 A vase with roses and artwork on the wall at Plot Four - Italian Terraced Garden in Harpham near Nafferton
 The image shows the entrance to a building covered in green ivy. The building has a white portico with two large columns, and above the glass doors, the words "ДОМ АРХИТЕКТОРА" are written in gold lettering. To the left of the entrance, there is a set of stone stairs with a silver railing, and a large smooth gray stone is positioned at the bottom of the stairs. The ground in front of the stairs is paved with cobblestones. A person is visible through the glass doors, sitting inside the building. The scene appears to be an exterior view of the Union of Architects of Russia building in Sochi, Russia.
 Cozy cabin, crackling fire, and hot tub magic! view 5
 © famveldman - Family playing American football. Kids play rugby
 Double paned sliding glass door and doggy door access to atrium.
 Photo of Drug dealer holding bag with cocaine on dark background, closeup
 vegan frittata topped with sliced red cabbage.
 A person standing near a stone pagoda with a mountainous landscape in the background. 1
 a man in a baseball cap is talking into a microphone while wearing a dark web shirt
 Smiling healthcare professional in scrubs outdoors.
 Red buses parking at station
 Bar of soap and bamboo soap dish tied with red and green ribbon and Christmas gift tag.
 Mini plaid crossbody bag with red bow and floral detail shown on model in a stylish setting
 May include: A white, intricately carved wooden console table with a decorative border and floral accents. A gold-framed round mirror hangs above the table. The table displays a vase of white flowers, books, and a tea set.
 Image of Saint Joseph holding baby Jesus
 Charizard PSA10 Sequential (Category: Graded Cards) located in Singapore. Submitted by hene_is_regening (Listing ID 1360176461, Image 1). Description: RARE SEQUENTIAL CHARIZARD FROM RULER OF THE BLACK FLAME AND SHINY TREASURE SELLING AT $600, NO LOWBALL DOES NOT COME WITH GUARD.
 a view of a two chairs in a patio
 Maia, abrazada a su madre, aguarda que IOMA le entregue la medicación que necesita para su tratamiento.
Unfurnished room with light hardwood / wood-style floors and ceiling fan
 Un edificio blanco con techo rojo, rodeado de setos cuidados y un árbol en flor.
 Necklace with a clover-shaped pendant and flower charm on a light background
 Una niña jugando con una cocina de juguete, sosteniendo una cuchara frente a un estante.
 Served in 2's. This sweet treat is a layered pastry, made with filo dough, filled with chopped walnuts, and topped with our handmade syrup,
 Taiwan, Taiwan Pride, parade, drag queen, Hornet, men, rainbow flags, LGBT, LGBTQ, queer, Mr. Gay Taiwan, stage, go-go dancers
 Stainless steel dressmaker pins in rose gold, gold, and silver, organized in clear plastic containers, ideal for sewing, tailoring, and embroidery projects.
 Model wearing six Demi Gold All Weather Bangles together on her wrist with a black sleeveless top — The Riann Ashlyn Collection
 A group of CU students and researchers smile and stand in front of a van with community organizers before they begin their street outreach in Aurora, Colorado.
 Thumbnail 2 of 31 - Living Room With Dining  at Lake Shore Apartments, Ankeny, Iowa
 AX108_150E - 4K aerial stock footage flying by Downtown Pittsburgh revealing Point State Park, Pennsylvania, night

# # # # #

## What to work on
Scan the listing above. Collect all lines with the word "stone".

## Answer
 The image shows the entrance to a building covered in green ivy. The building has a white portico with two large columns, and above the glass doors, the words "ДОМ АРХИТЕКТОРА" are written in gold lettering. To the left of the entrance, there is a set of stone stairs with a silver railing, and a large smooth gray stone is positioned at the bottom of the stairs. The ground in front of the stairs is paved with cobblestones. A person is visible through the glass doors, sitting inside the building. The scene appears to be an exterior view of the Union of Architects of Russia building in Sochi, Russia.
 A person standing near a stone pagoda with a mountainous landscape in the background. 1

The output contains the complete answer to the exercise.